"A principle of folk logic is that you can’t prove a negative. Skeptics and scientists routinely concede the point in debates about the possible existence of everything from Big Foot and Loch Ness to aliens and even God. In a recent television interview on Comedy Central’s The Colbert Report, for example, Skeptic publisher Michael Shermer admitted as much when Stephen Colbert pressed him on the point when discussing Weapons of Mass Destruction, the comedian adding that once it is admitted that scientists cannot prove the nonexistence of a thing, then belief in anything is possible. [...] There is one big problem with this. Among professional logicians, guess how many think that you can’t prove a negative? That’s right, zero.

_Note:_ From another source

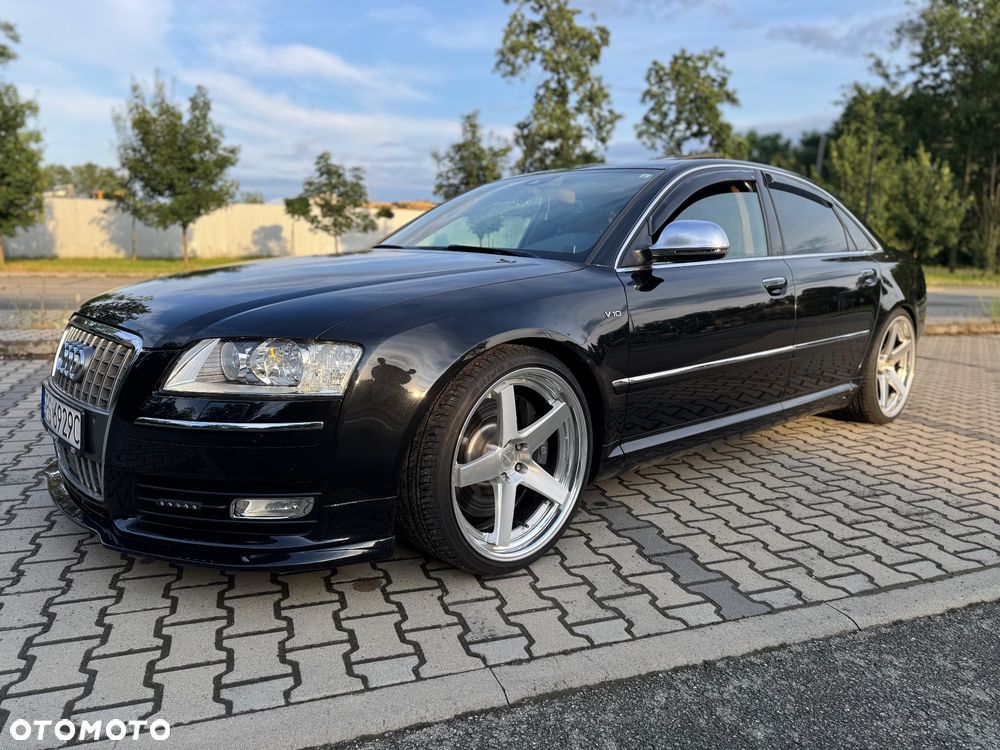 Audi S8 - 6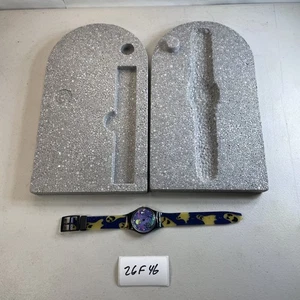 Swatch "Geisterstund" GB192 Casa Embrujada Historias de Fantasmas Halloween Especial 26F46 - Imagen 1 de 12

So why is it that people insist that you can’t prove a negative? I think it is the result of two things: (1) Disappointment that induction is not bulletproof, airtight, and infallible, and (2) A desperate desire to keep believing whatever one believes, even if all the evidence is against it. [...] Meaning: your argument against aliens is inductive, therefore not incontrovertible. Since I want to believe in aliens, I’m going to dismiss the argument no matter how overwhelming the evidence against aliens, and no matter how vanishingly small the chance of extraterrestrial abduction.
If we’re going to dismiss inductive arguments because they produce conclusions that are probable but not definite, then we are in deep manure. Despite its fallibility, induction is vital in every aspect of our lives, from the mundane to the most sophisticated science. Without induction we know basically nothing about the world apart from our own immediate perceptions. So we’d better keep induction, warts and all, and use it to form negative beliefs as well as positive ones.
You can prove a negative — at least as much as you can prove anything at all.